Accuracy without Scaling: 0.9444
Accuracy with Scaling:    1.0000


10. Imagine you are working at an e-commerce company that wants to 
predict which customers will respond to a marketing campaign. Given an imbalanced 
dataset (only 5% of customers respond), describe the approach you’d take to build a 
Logistic Regression model — including data handling, feature scaling, balancing 
classes, hyperparameter tuning, and evaluating the model for this real-world business 
use case.

Step 1: Data Handling

Data Cleaning

Handle missing values (imputation strategies).

Remove or cap outliers (extreme spending values, unusual behavior).

Feature Engineering

Create meaningful features like:

Recency (days since last purchase)

Frequency (number of purchases in last 6 months)

Monetary value (average spend per order)

Campaign interactions (email opens, clicks, etc.)

Feature Scaling

Apply StandardScaler or MinMaxScaler to ensure all features are on the same scale (important for Logistic Regression since coefficients depend on feature scales).

 Step 2: Handling Class Imbalance

Since only 5% are responders:

Resampling techniques

Oversampling the minority class (e.g., SMOTE) to create synthetic responders.

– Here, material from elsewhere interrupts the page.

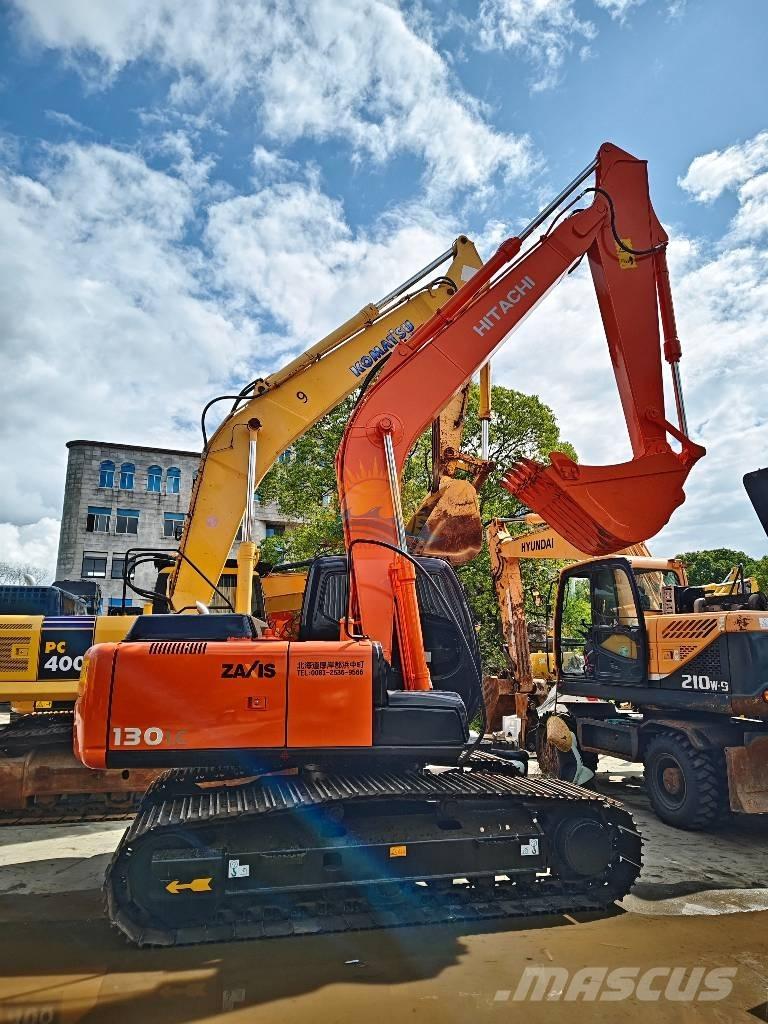 Hitachi ZX 130 Kāpurķēžu ekskavatori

Undersampling the majority class to balance, but carefully (don’t lose too much data).

Class weights

Logistic Regression allows class_weight='balanced' to penalize mistakes on minority class more heavily.

In practice, I’d try both SMOTE + class_weight.

 Step 3: Model Building

Train a Logistic Regression model with:

Regularization (L1/L2) to prevent overfitting.

Feature scaling applied to all numeric features.

class_weight='balanced' to handle imbalance.

 Step 4: Hyperparameter Tuning

Use GridSearchCV to tune:

C → Regularization strength.

penalty → L1 or L2.

solver → Choose depending on penalty (liblinear for L1, lbfgs for L2).

Use Stratified K-Fold Cross Validation (to preserve class ratios).

 Step 5: Evaluation Metrics

Since the dataset is imbalanced, accuracy is misleading.

Focus on:

Precision → Are predicted responders really responders? (important if contacting customers is costly).

Recall (Sensitivity) → Are we catching most responders? (important if missing responders means lost revenue).

F1 Score → Balance between precision and recall.

ROC-AUC → Overall ability to distinguish responders vs. non-responders.

PR Curve (Precision-Recall) → More informative in imbalanced settings.

 Step 6: Business Integration

Use the predicted probabilities, not just classes.

Rank customers by probability of response.

The marketing team can target the top N% customers (budget-limited campaigns).

Example: If targeting top 10% yields 60% of all responders → campaign efficiency improves dramatically.